With soprano soloist Kirsten Hedegaard placed opposite the choir near the front of the church, the question-and response style of Guillaume Bouzignac’s “Noe! pastores, canticum novum” was vividly presented, the antiphonal writing and theatrical style seeming to point the way forward to Bach’s Passions and Handel’s oratorios a century later.
The Madison Bach Musicians got their turn in the spotlight with two selections. Trever Stephenson, founder and artistic director, was a graceful soloist in Handel’s Organ Concerto No. 6 (Op. 4), though the high, flutey registration of his chamber organ seemed a bit soft and fitfully undefined in the resonant acoustic.
No complaints about the performance of Corelli’s Concerto Grosso in G minor, Op. 6, no. 8, the most celebrated of all Christmas string concertos. Led by concertmaster Kangwon Lee Kim, the Madison musicians brought warm tone and ensemble unity to the gently varied movements, providing the concluding Pastorale with an apt sense of Nativity serenity.

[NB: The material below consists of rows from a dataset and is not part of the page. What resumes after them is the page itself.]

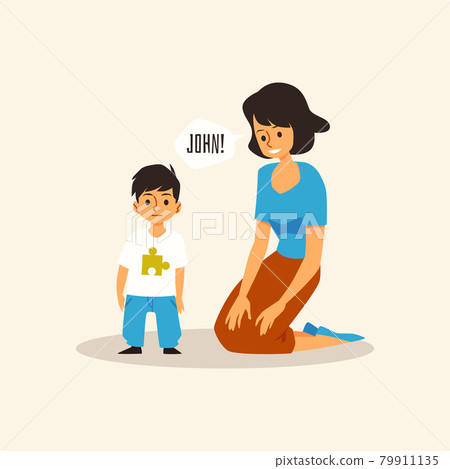 Mother communicating with son who has autism, flat vector illustration isolated. Mother communicating with son who has autism, flat vector illustration isolated. 79911135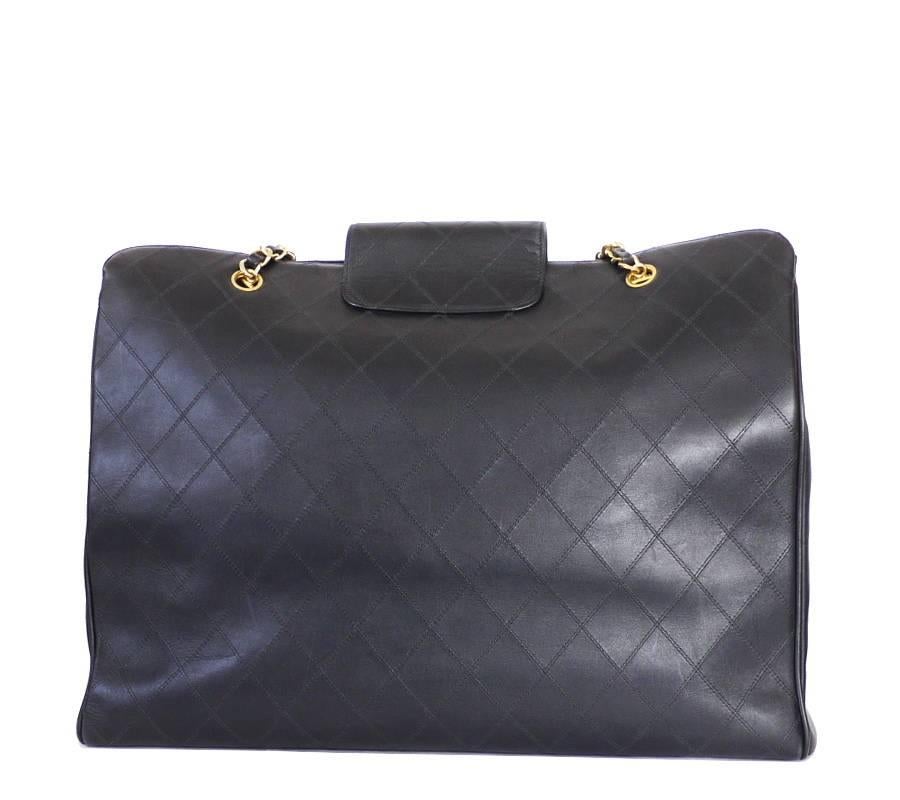 Black Chanel Overnighter Weekender Shoulder Bag Vintage XL
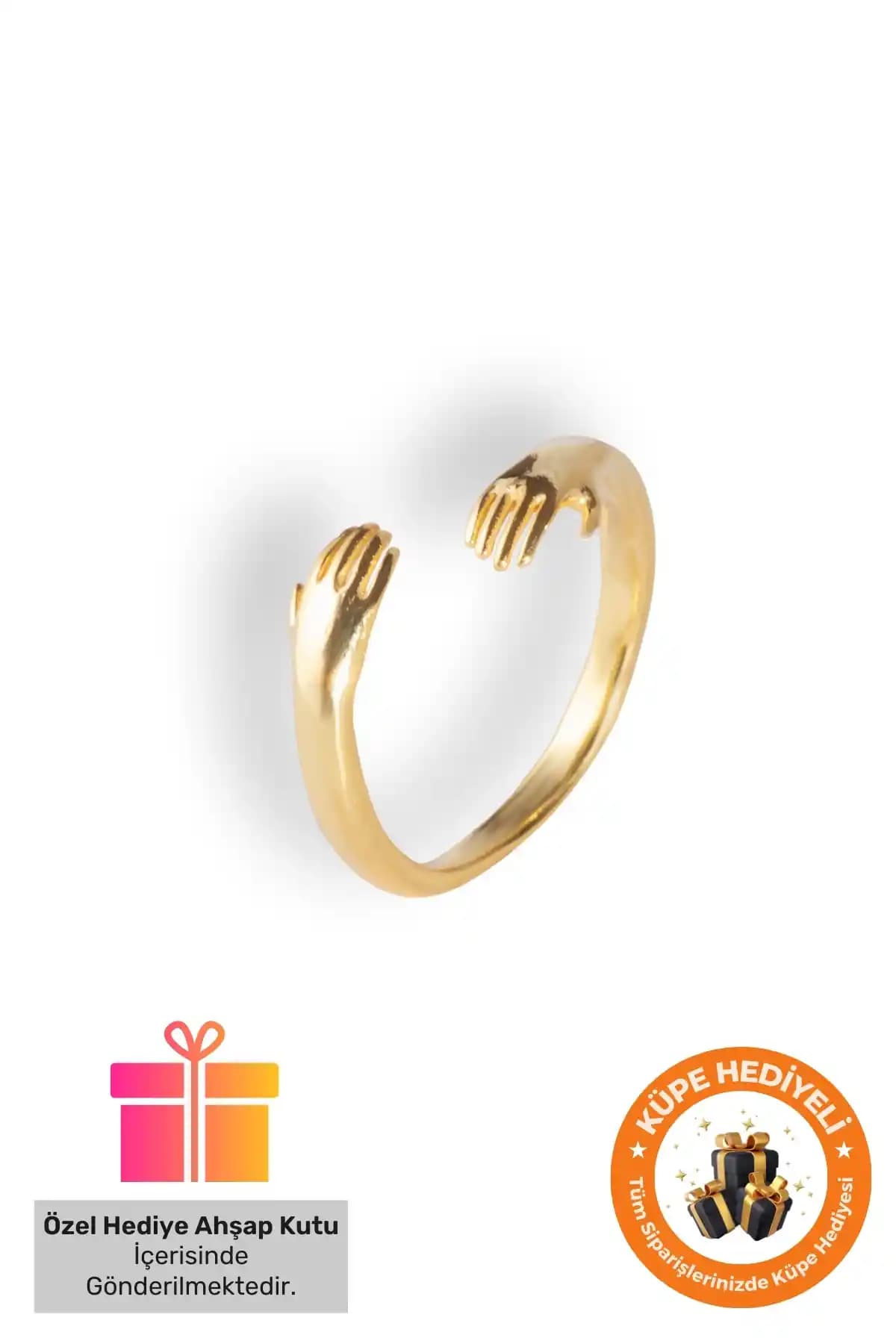 Lucente Jewellery Özel Hediye Kutulu 925 Ayar Gümüş ve Altın Kaplama Yüzük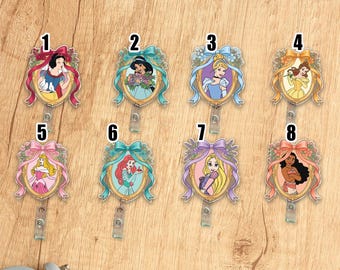 Disney Princess Badge Reel, Snow White Jasmine Cinderella Belle Aurora Ariel Rapunzel Moana Badge Holder,  Belle Badge Reel  AYFJ02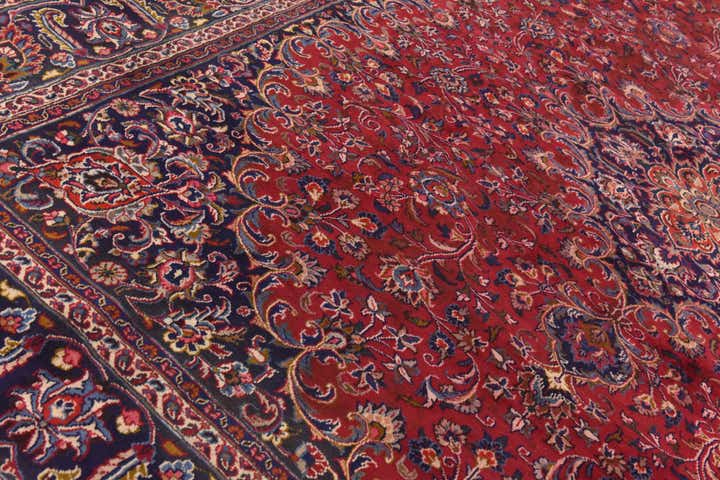 9' 8 x 12' 7 Hand Knotted Mashad Persian Wool Rug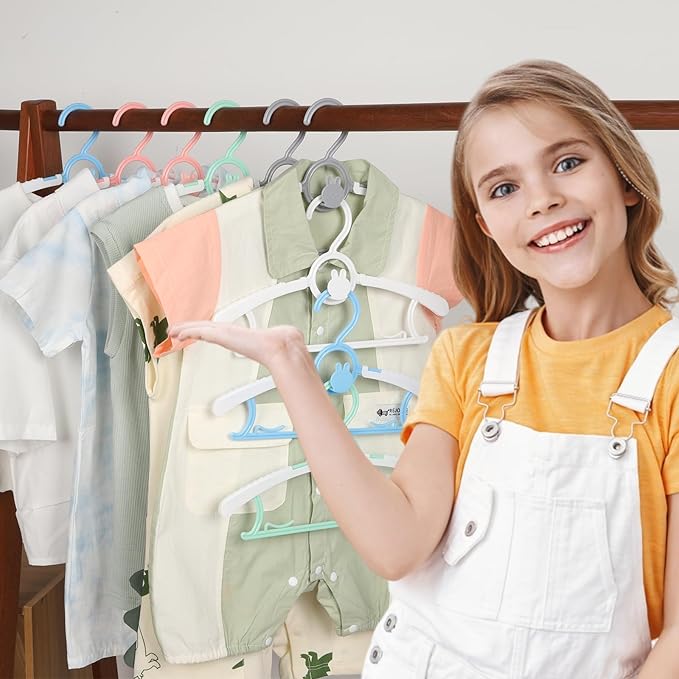 30 Pack Baby Hangers, Non-Slip Kids Hangers, Space Saving Plastic Hanger - Image 7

As always, Bella Voce’s program notes were a model of intelligent presentation with complete texts and translations and scholarly yet approachable notes by Lewis. One wee suggestion: it would be helpful to have individual movements indicated for works such as the Handel and Corelli concertos.
If ever there was a Baroque composer richly deserving of revival it surely is Isabella Leonarda (1620-1704), whose music Bella Voce first presented last year in an “Expanding the Canon” program. A nun who entered the convent at 16 and lived there to 84, Leonarda was also a prolific composer, publishing twenty collections of music in several genres.
Leonarda’s Magnificat, Op. 19, is an extraordinary work. The composer imbued Mary’s hymn of praise with a fervent spirituality and creative audacity that leaps off the page—adventurous harmonies, quickly shifting meters and tempos, and female voices ascending higher and higher to thrilling effect. Lewis led a dynamic and exhilarating performance that makes one eager to hear more of Leonarda’s oeuvre.
And so on to Charpentier’s Messe de minuit pour Noël. Charpentier famously drew upon popular French carols (noëls) for his thematic material in this work. But rather than a mere suite or pastiche, he artfully crafted the music for voices and chamber orchestra into a genuine liturgical mass setting with carol melodies that would have had an almost subliminal effect on French audiences of the day.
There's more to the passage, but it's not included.